# Nitto NT01 or 555R 's



## mattwilcher (Jun 10, 2012)

Okay, I'm wanting a new set of kicks since my 2nd - 3rd gear Automatic shift nearly made be go into the wall. I want to make use of the extra 17x 8" factory wheels. Anyone out there have experience with the NT01 or the 555R's and what did you think about them?


----------



## RJ_05GTO (Jul 6, 2008)

I think the NT01 is a softer stickier tire but made for road course. The 555R is a drag radial. They are not going to be as sure footed through curves. The sidewall is more flexable than the nt01. I run the 555R's and they are GREAT! They are relatively cheap also. Im running 245 45 17's on the rear for the 1/4 and pulled a 1.74 60' without a hint of them giving up. Im sure the NT01's are great but probably not optimal for drag racing so it depends on what you want to do.


----------



## mattwilcher (Jun 10, 2012)

Hey RJ, What did it end up in the 1/4 mile and approx how much RWHP or mods have you done? Thanks for the info on the 555r's . Who'd thought it would be so overwhelming to pick out tires?


----------



## RJ_05GTO (Jul 6, 2008)

With a DA of about 2300' I ran a 12.3 @ 111 the last time i went. 390 rwhp is what the dynojet said. That is with the 224 cam and stall only. 

Sent from my SCH-S720C using AutoGuide.Com Free App


----------



## svede1212 (Nov 1, 2005)

I would look at the NT05 too. The NT05 is a better all around tire.


----------



## mattwilcher (Jun 10, 2012)

Svede, the NT05 and the NT05R's were my first choice, but I want to retain use of the stock rims 17x8. They just didnt offer them in a size that would work.Unless I go with a 235/40-17. What do you think about that? below is a link to the sizes offered. Svede, tell me what you think. I'm hoping to get the tire before the weekend and hit the track again.
NT05


----------



## svede1212 (Nov 1, 2005)

The NT05Rs would wear off before you could go around the block . Even the street NT05s are only 200AA but at least that's a little better. I've seen people comment they get 15,000-20,000 miles out of NT05s as they are a soft grippy rubber. 

I see they have 235 and 255 in 17s. 235 wouldn't be horrible as the guys with 18"s came with 235s stock unless you autocross or something. I carve the corners but push the limits of the tires more in a straight line.

I know I've been thinking of what I'd do next and I vacillate between max performance and getting decent wear. Unfortunately you can usually only pick one.


----------



## ssclone (Aug 2, 2012)

I have nt05r's on my Chevelle. I have maybe 5k miles and 30 track passes all in the 12.2-12.3 range, crappy 1.80 60ft because Of the slammed circle track springs, but my car makes 376whp and the only way I could spin the tires on a roll would be to slam 1-2 shift and it would only spin a few feet.

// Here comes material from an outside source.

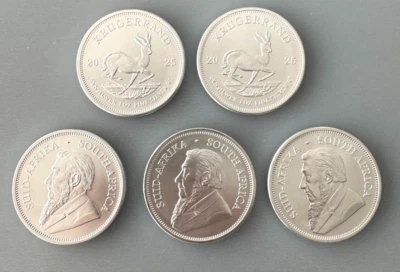 Lot of 5 Silver 2025 South Africa Silver Krugerrand 1 oz 1 Rand coins - Image 1 of 3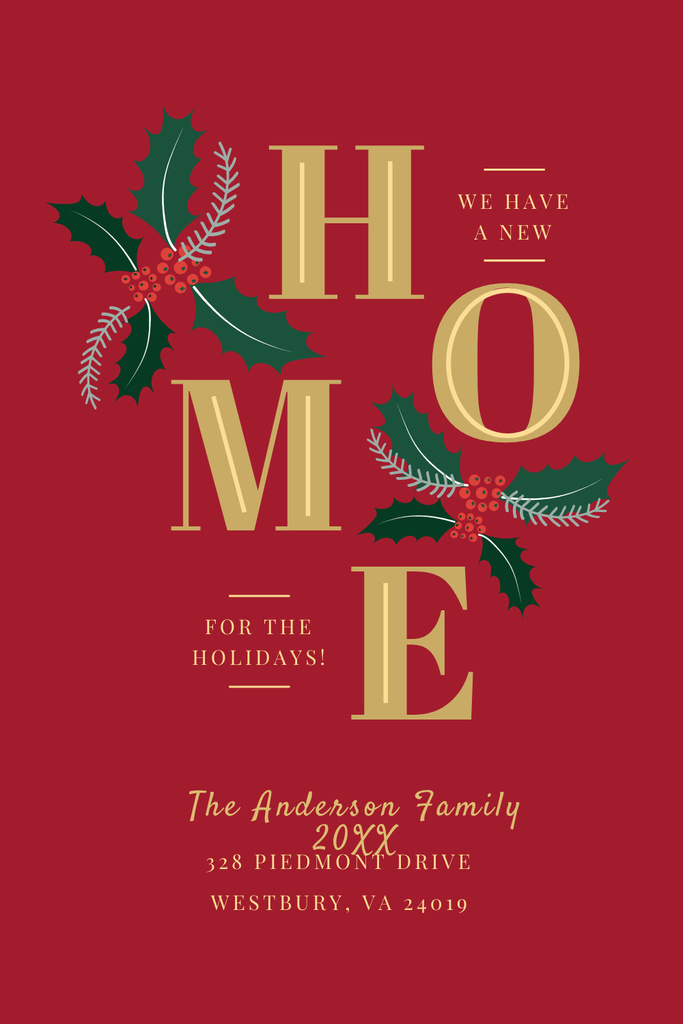Template di design Home for the Holidays Invitation Pinterest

They are light years better than my old m/t drag radial.

Now remember the R is the drag radial, the nt05 is the street radial.

Either way I don't think you'd be disappointed.


----------



## jpalamar (Jul 22, 2008)

How do you plan to drive the car? Thats how you pick your tire. 555R and NT01 are really made for different purposes.

Also, if your 2-3 shift is kicking out on the A4 then it sounds like you need to have your tune looked at and adjust the trans settings.


----------



## mattwilcher (Jun 10, 2012)

Jpalamar, I'm not convinced there is anything wrong with the tune or trans settings. The tires I have on the car now are junk. Nexen Wal-mart specials that came on the car. I'm gonna try the car with some good tires and see how it handles. I will mention what happened to the tuner just to be safe. I appreciate the input. The tires I'm looking for are just for track day.


----------



## mattwilcher (Jun 10, 2012)

*They Fit*

Okay, thanks for all the input from everyone. I ended up going with a 255/40-17 Nitto NT05 drag radial. They fit like a glove. Hopefully I can get to the track this weekend. I am also having the tuner soften up the shifts just a tad. Can't wait to see what she does!


----------



## svede1212 (Nov 1, 2005)

Funny this should come up but after crawling under my car after this last week I decided I really need tires myself. Oddly enough my back tires are totally bald  but the fronts are pretty worn too. I'm really leaning towards the NT05. If I get the 275s for the 9"x17" wheels I have to decide if the 255s will fit in the front or if the 235s will be too different a diameter for the ABS.


----------